To the extent required by Item 3.03 of Form 8-K, the information contained in Item 5.03 of this Current Report on Form 8-K is incorporated herein by reference.
Item 5.03 Amendments to Articles of Incorporation or Bylaws; Change in Fiscal Year.
On July 19, 2018, Ascent Solar Technologies, Inc., a Delaware corporation (the “Company”), filed a Certificate of Amendment to the Amended and Restated Certificate of Incorporation of the Company (the “Certificate of Amendment”) with the Secretary of State of the State of Delaware to effect a reverse stock split of the Company’s common stock, par value $0.0001 per share (the “Common Stock”) at a ratio of one-for-one thousand (the “Reverse Stock Split”).
The Certificate of Amendment provides that the Reverse Stock Split became effective as of 5:00 p.m. Eastern Time on July 20, 2018 (the “Effective Time”), at which time every thousand shares of the Company’s issued and outstanding Common Stock were automatically combined into one issued and outstanding share of Common Stock, without any change in the par value per share. The Certificate of Amendment provides that in the event a stockholder would otherwise be entitled to receive a fraction of a share of Common Stock, such stockholder shall receive one whole share of Common Stock in lieu of such fractional share and no fractional shares shall be issued.

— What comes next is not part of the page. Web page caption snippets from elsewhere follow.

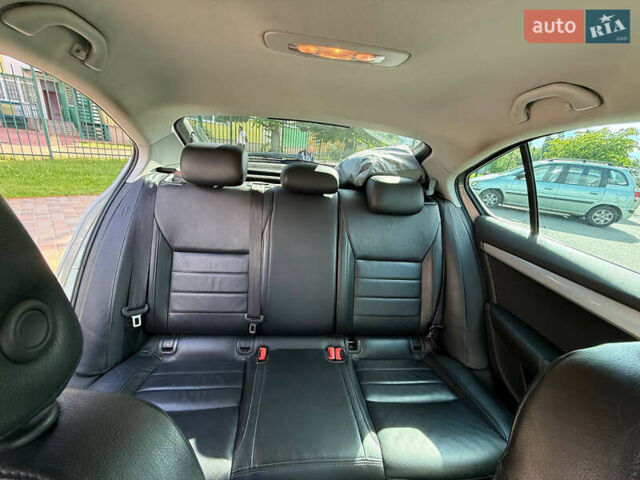 Шкода Октавия 2014 в Киеве на Automoto.ua Бежевый Шкода Октавия, объемом двигателя 1.6 л и пробегом 297 тыс. км за 11000 $, фото 9 на Automoto.ua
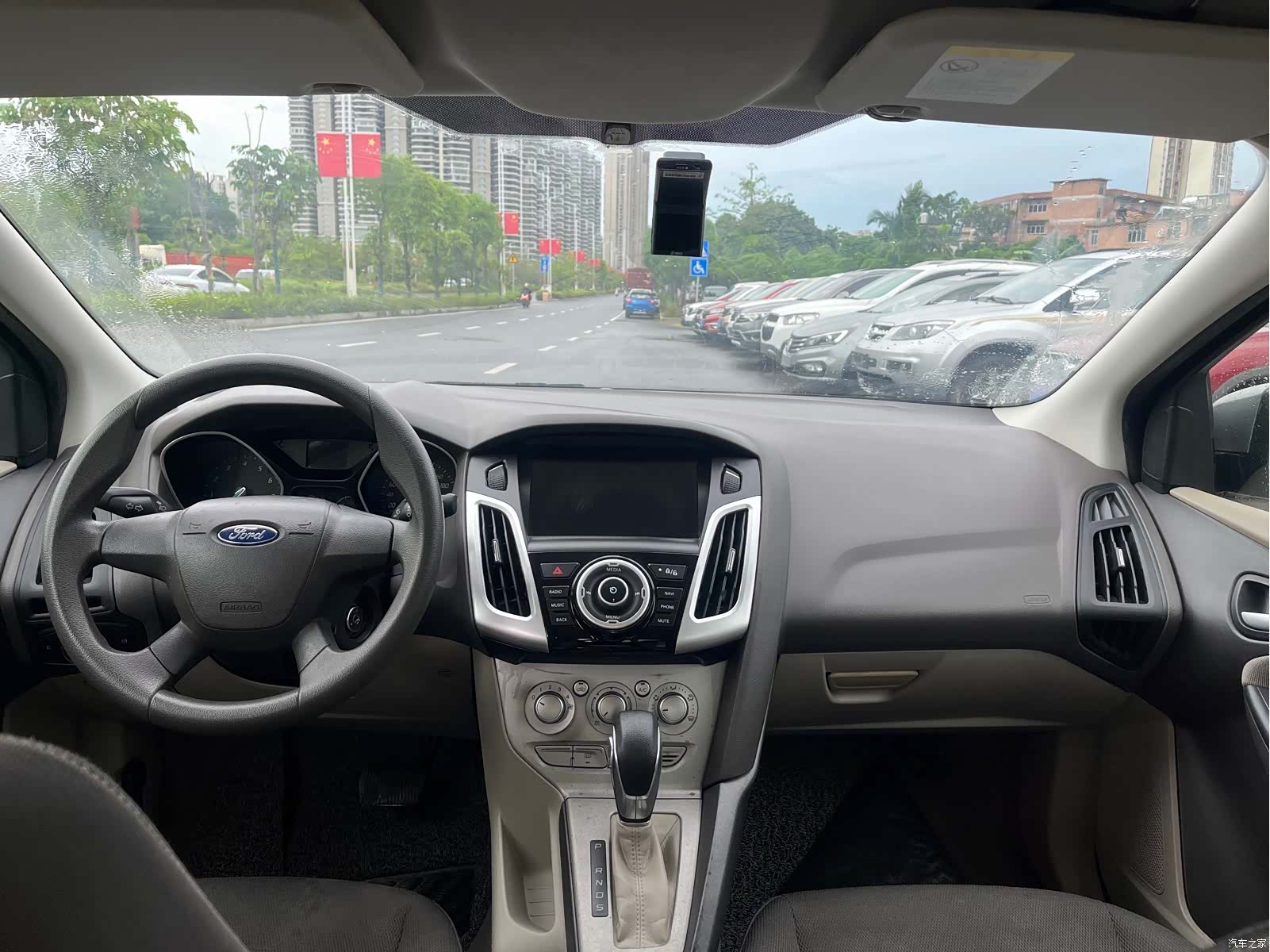 Ford Focus, 2013 10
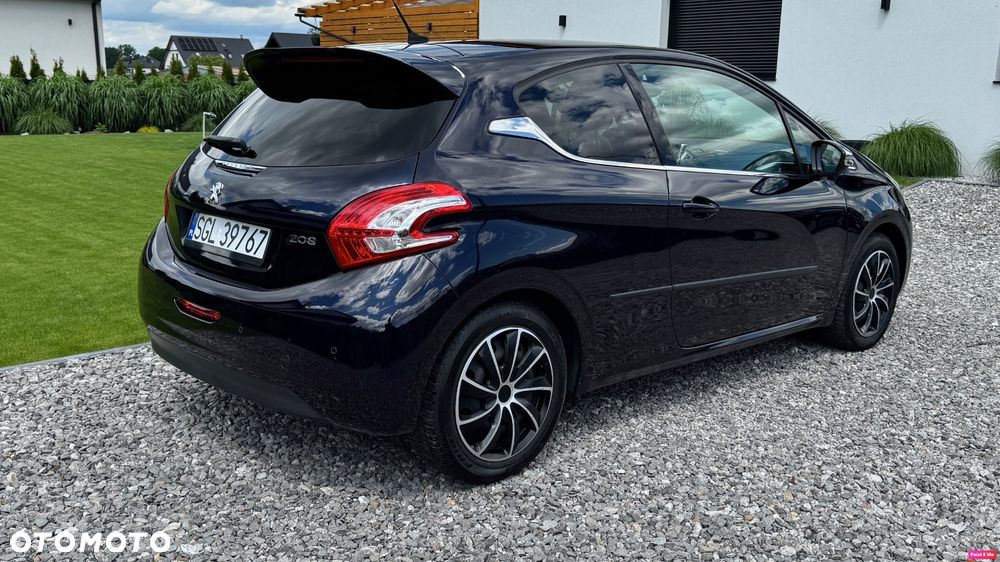 Peugeot 208 - 5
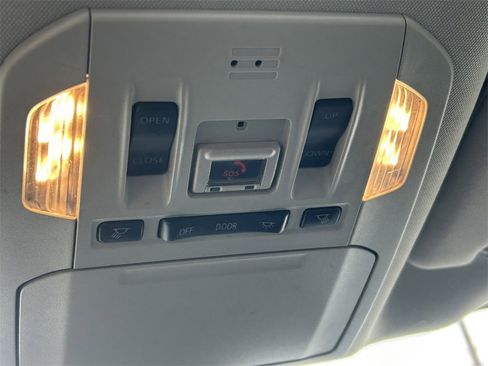 Used 2023 Toyota Highlander Limited image 20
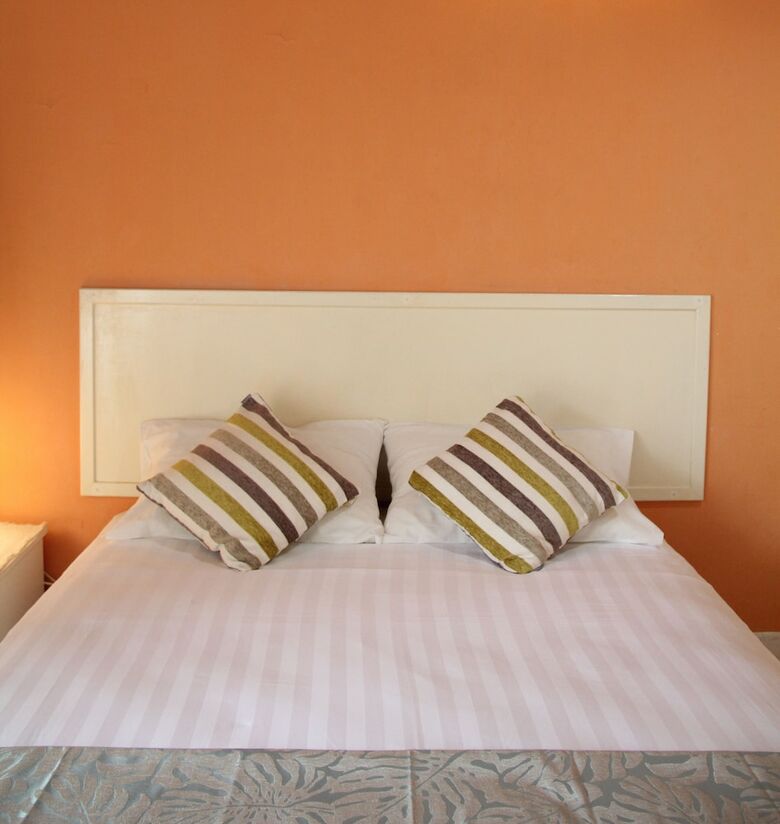 Hostal Lavender Lodge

Following the Reverse Stock Split, the Company has approximately 19 million shares of Common Stock issued and outstanding. The number of authorized shares of the Company’s Common Stock remains at 20 billion. The number of shares of the Company’s Series A preferred stock outstanding was not affected by the Reverse Stock Split. However, the number of shares of Common Stock into which each outstanding share of Series A preferred stock is convertible will be adjusted proportionately as a result of the Reverse Stock Split. All outstanding RSUs, stock options, warrants and rights to purchase shares of Common Stock will be adjusted proportionately.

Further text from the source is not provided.